The student loan interest rate will now be capped at 6.3% from the autumn in England & Wales after todays announcement by the department of education (DOE).

It had been due to rise from the current 4.5% to 7.3%, but has been changed to “align with the most recent data on market rates” for loans.

England’s universities minister said the student loan interest rate will be capped as she wanted to “provide support” amid the rising cost of living.

But the Institute for Fiscal Studies (IFS) said the change did “nothing at all to protect current students” having also previously saying Student loans reform is a leap into the unknown.

Student loan interest rates will be reviewed again in December.

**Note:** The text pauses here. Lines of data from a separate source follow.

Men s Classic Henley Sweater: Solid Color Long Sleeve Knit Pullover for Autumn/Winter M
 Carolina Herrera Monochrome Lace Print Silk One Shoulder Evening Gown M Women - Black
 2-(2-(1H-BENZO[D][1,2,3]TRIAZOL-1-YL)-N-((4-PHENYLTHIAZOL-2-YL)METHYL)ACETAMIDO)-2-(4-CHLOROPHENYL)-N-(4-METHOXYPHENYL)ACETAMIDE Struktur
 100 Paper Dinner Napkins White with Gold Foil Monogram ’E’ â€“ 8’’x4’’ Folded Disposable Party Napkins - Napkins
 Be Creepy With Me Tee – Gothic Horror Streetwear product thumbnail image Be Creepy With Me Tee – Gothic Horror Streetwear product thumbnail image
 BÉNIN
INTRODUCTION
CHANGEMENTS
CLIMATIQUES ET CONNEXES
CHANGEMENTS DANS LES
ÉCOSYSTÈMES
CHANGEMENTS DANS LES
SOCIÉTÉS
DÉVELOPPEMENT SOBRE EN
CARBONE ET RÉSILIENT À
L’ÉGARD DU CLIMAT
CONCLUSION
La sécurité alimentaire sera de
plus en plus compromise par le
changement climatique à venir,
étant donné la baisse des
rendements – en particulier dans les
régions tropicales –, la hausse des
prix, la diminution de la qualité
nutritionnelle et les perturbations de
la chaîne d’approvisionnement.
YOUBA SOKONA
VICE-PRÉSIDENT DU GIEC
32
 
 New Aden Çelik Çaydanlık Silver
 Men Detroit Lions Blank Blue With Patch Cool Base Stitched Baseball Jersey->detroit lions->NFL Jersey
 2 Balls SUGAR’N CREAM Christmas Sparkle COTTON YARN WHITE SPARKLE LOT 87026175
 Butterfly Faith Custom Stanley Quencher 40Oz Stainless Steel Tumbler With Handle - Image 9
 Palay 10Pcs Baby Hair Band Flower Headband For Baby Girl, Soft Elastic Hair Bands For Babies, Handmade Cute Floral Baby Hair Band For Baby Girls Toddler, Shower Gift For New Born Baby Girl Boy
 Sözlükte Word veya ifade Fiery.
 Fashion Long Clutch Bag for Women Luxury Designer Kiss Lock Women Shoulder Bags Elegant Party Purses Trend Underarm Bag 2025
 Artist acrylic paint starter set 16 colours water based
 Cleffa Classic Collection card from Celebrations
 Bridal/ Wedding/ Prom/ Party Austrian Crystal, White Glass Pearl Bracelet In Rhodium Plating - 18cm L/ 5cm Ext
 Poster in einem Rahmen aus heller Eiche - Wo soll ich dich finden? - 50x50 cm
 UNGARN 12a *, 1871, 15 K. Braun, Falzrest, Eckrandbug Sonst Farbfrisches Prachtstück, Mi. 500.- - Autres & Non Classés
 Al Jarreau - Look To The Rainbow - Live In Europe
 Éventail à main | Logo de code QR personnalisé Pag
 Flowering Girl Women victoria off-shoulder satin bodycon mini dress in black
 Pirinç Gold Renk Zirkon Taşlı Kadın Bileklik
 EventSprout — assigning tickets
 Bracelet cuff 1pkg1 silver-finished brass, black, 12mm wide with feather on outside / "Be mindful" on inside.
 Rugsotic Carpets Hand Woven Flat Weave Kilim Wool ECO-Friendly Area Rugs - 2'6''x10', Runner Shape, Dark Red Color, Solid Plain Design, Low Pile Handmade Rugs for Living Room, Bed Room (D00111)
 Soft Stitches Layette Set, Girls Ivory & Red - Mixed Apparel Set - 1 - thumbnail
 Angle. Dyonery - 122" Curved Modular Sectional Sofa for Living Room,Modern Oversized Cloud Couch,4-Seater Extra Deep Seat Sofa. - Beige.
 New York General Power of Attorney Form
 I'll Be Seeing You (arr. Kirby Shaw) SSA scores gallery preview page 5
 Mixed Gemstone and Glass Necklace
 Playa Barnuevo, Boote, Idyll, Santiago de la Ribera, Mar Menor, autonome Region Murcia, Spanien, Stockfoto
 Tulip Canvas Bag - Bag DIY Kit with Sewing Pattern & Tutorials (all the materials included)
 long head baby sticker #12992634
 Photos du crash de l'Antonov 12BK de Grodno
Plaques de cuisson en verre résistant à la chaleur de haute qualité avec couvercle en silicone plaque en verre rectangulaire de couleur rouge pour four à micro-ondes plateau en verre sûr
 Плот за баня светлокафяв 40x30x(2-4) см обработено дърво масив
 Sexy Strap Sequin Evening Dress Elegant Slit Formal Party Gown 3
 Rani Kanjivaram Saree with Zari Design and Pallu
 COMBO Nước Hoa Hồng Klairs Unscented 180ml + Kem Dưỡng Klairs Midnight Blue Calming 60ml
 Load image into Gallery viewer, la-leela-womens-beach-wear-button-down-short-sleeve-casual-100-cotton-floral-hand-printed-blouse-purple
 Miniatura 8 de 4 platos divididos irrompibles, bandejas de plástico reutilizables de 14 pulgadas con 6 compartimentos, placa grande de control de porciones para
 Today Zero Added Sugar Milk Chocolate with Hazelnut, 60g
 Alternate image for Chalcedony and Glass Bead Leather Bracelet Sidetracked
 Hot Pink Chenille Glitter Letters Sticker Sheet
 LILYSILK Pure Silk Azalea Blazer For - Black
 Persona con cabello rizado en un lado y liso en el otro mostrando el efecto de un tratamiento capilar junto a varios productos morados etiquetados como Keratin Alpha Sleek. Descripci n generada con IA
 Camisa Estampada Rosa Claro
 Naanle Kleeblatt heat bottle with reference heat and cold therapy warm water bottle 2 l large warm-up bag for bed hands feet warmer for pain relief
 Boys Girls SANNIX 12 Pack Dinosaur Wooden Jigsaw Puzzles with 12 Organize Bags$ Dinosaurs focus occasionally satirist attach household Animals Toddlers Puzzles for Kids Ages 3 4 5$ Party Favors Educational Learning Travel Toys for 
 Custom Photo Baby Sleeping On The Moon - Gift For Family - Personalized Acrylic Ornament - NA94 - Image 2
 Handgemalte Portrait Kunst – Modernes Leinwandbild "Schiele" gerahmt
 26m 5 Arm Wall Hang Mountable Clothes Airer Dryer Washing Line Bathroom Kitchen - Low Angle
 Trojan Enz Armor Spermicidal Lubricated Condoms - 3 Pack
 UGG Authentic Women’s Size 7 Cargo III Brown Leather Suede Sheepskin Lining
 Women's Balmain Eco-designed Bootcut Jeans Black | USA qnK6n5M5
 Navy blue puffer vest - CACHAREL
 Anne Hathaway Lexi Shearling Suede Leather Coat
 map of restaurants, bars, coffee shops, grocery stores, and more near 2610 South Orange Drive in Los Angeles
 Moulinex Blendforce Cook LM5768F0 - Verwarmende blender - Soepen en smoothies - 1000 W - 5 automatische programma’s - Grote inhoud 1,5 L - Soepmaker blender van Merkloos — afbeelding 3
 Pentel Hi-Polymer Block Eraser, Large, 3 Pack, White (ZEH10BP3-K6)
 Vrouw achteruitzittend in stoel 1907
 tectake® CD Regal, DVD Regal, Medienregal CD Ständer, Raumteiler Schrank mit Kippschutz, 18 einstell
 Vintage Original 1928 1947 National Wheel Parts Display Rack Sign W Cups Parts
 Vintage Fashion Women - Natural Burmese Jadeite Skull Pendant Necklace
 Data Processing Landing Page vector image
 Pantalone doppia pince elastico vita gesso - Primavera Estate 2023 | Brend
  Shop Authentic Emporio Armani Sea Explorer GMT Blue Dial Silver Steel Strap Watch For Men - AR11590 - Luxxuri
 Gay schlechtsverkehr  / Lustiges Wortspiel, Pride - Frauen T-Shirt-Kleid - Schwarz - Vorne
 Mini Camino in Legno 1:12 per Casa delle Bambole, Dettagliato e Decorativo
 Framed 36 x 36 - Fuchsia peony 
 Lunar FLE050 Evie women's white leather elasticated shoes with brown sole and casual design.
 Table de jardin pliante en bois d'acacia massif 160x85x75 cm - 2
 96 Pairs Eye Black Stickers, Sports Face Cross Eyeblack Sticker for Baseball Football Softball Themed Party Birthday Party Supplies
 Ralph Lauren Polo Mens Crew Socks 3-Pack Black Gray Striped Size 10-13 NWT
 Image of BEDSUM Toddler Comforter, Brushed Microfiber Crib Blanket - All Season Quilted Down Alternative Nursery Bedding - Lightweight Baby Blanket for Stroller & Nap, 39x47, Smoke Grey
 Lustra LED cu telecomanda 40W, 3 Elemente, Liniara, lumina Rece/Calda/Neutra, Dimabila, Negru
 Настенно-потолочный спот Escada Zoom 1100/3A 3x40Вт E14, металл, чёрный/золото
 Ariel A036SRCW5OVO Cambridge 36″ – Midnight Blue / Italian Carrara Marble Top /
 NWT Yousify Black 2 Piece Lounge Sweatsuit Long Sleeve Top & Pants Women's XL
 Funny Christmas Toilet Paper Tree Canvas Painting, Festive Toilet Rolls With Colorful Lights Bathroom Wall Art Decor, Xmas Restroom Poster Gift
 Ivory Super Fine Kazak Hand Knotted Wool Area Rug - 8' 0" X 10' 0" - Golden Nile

The interest rate on the loan for those currently at university in England and Wales is calculated by adding 3% to the retail price index (RPI) – a measure of inflation which indicates the rate at which prices are rising.

The RPI figure confirmed in April set the rate for the academic year. Meanwhile, the IFS predicted the maximum rate on student loans would jump from 4.5% to 12% from September this year.

Subsequently, in June, the government said the rate would be capped at 7.3% to provide “peace of mind for graduates” to help combat the rising effects of inflation .

“We understand that many people are worried about the impact of rising prices and we want to reassure people that we are we are stepping up to provide support where we can,” she added.

The Welsh government said it would follow suit.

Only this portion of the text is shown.